Inventory at year-end fiscal 2008 totaled $52.1 million as compared to
$37.9 million at the end of fiscal 2007. The increase was primarily due
to timing of in-transit inventory at year end which was minimal in the
prior year.
Christine Day, lululemon’s CEO stated: “We had a solid finish to fiscal
2008 and our financial results were in line with the guidance we
provided. We are pleased with the progress we made on our real estate,
e-commerce, and operational initiatives for the year. Looking at 2009,
we will continue to be focused on selective use of capital and
generating positive cash flow as we position ourselves to respond
quickly to changes in the macro-environment. We are confident that we
will emerge from these challenging conditions well positioned for long
term growth."
Outlook
Until there is additional clarity on consumer spending in the second
half of the year, we are limiting our guidance to the current quarter.
For the first quarter of fiscal 2009, we expect a same-store sales
decline in the low double digits on a constant-dollar basis compared to
the first quarter of 2008. We anticipate reported net revenue to be in
the range of $70 million to $75 million for the quarter, and earnings
per share is expected to range from $0.07 to $0.08 for the quarter. This
assumes a tax rate of 34% and 70.1 million diluted weighted average
shares outstanding.
Conference Call Information
A conference call to discuss fourth quarter and fiscal year results is
scheduled for today, March 26, 2009 at 4:30 PM Eastern Time. Investors
interested in participating in the call are invited to dial (888)
417-8516 approximately ten minutes prior to the start of the call. The
conference call will also be webcast live at http://investor.lululemon.com/.
About lululemon athletica inc.
lululemon athletica (NASDAQ:LULU; TSX:LLL) is a yoga-inspired athletic
apparel company that creates components for people to live longer,
healthier and more fun lives. By producing products that help keep
people active and stress free, lululemon believes that the world will be
a better place. Setting the bar in technical fabrics and functional
designs, lululemon works with yogis and athletes in local communities
for continuous research and product feedback. For more information,
visit www.lululemon.com.
Non-GAAP Financial Measure:
Constant-dollar net revenue changes, which exclude the impact of changes
in foreign exchange rates, are not a Generally Accepted Accounting
Principles (“GAAP”) performance measure. We provide constant-dollar
revenue changes because we use the measure to understand the underlying
growth rate of revenue excluding the impact on a quarter by quarter
basis of items that are not under management’s direct control, such as
changes in foreign exchange rates.
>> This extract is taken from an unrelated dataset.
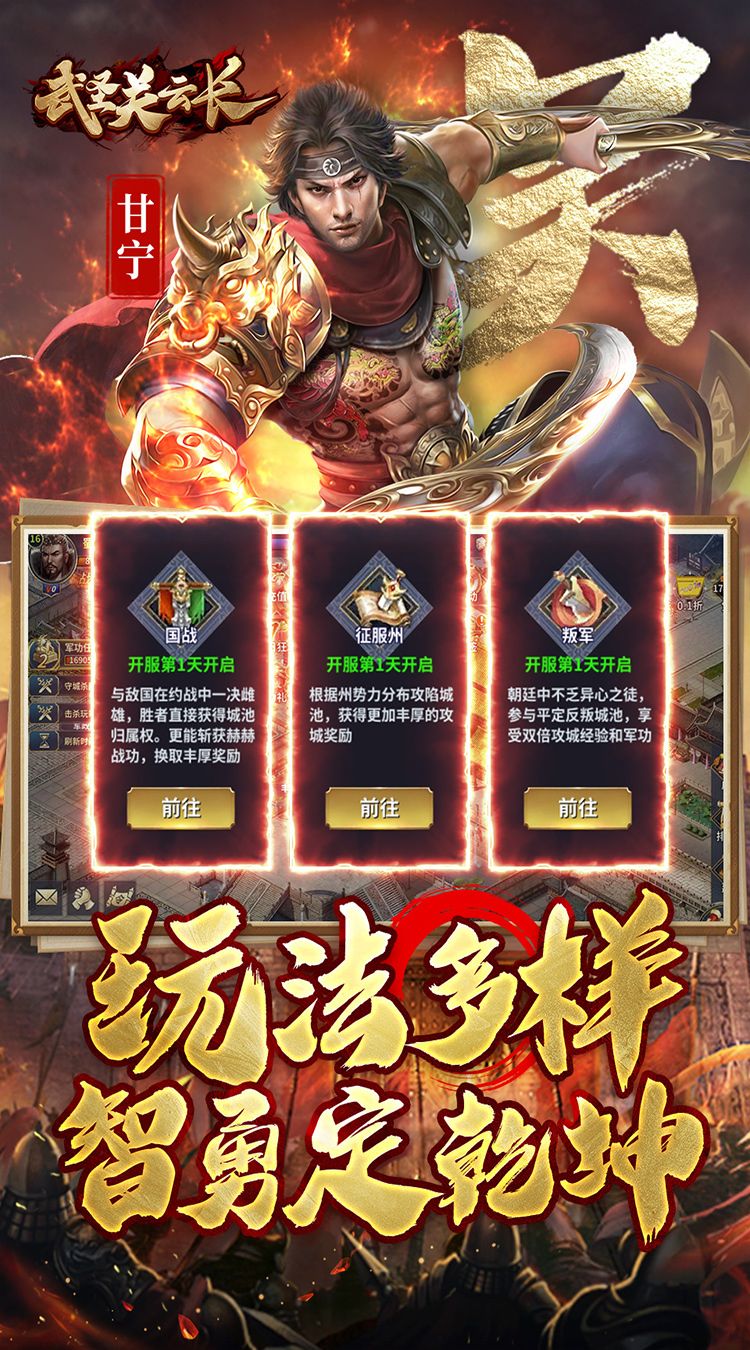 武圣关云长0.1折送武圣关羽下载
We believe that disclosing net
revenue changes on a constant-dollar basis is useful to investors
because it enables them to better understand the level of growth of our
business.
Forward-Looking Statements:
This press release contains “forward-looking statements” within the
meaning of Section 27A of the Securities Act of 1933 and Section 21E of
the Securities Exchange Act of 1934 that involve risks, uncertainties
and assumptions, such as statements regarding our future financial
condition or results of operations, our prospects and strategies for
future growth, the development and introduction of new products, and the
implementation of our marketing and branding strategies. In many cases,
you can identify forward-looking statements by terms such as “may,”
“will,” “should,” “expects,” “plans,” “anticipates,” “outlook,”
“believes,” “intends,” “estimates,” “predicts,” “potential” or the
negative of these terms or other comparable terminology. These
forward-looking statements are based on management's current
expectations but they involve a number of risks and uncertainties.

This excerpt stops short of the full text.